Read it as a field test
Start NIP-65: Relay List Metadata with the server behavior you can observe: accept, reject, count, search, authenticate, limit, store, delete or report. Then connect it to kind 10002, draft, kind:10002, read, write. A relay NIP becomes readable when it explains what a relay can honestly promise and what still depends on policy, money and operations.
Where the standard earns trust
The source links give you places to test the interpretation in public: Mike Dilger: gossip model, Mike Dilger: Nostr relays, NIP-65 design issue, NIP-11 Relay Information. Use those links to move from the spec to live libraries, mirrors, pull requests, guides or products.
Official NIP-65 source is the anchor for exact wording, and NIP-65 commit history shows how that wording moved over time.
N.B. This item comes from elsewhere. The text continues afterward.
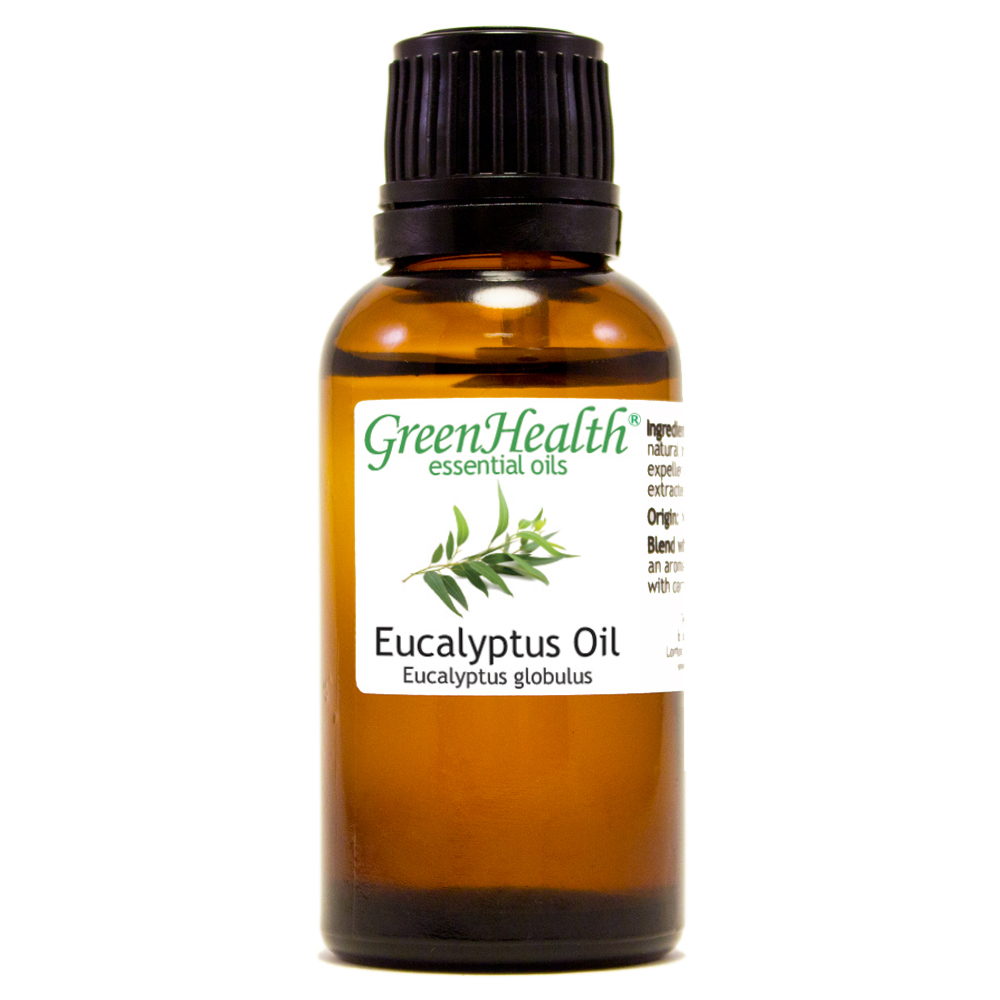 1 fl oz Eucalyptus Globulus Essential Oil (100% Pure & Natural) – GreenHealth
The strongest secondary clues here are Mike Dilger: gossip model, Mike Dilger: Nostr relays, NIP-65 design issue. Treat this evidence chain as part of the article, not as footnotes. A NIP page becomes useful when you can move from claim to source to working behavior without guessing.
Keep the chain visible for NIP-65: Relay List Metadata: first the human promise, then kind 10002, draft, kind:10002, read, write, then the implementation record, then the real-world failure case. That order keeps NIP-65 useful without turning it into marketing copy or protocol trivia.
Three questions to carry forward
- What exact relay behavior is being described: discovery, auth, search, count, information, payment, moderation or management?
- Can you see whether a failure came from policy, payment, indexing, rate limit, auth or downtime?
- Does the relay expose enough public information for you to decide whether it belongs in your own relay set?
What to verify before you rely on it
- Find
kind 10002,draft,kind:10002,read,writein the official file and check where the UI exposes the same concept. - Read NIP-01 and the adjacent source links as context before treating NIP-65 as a complete product story.
- Open at least one implementation, mirror, pull request or library source from the source links before trusting that the idea is mature.
- Test the unhappy path: missing relays, stale metadata, invalid signatures, blocked events, expired state, revoked permissions or unavailable media.
- Write the user-facing copy in plain language. If a standard changes authority, privacy, money, moderation or recovery, say that before the click.
Direct sources
Use these sources for NIP-65: Relay List Metadata in that order: Official NIP-65 source for the current wording; NIP-65 commit history for the change record; Mike Dilger: gossip model, Mike Dilger: Nostr relays, NIP-65 design issue for public context. The article gives you the consequence in plain language, but the source trail is where exact fields, status notes, unresolved debates and implementation proof stay checkable.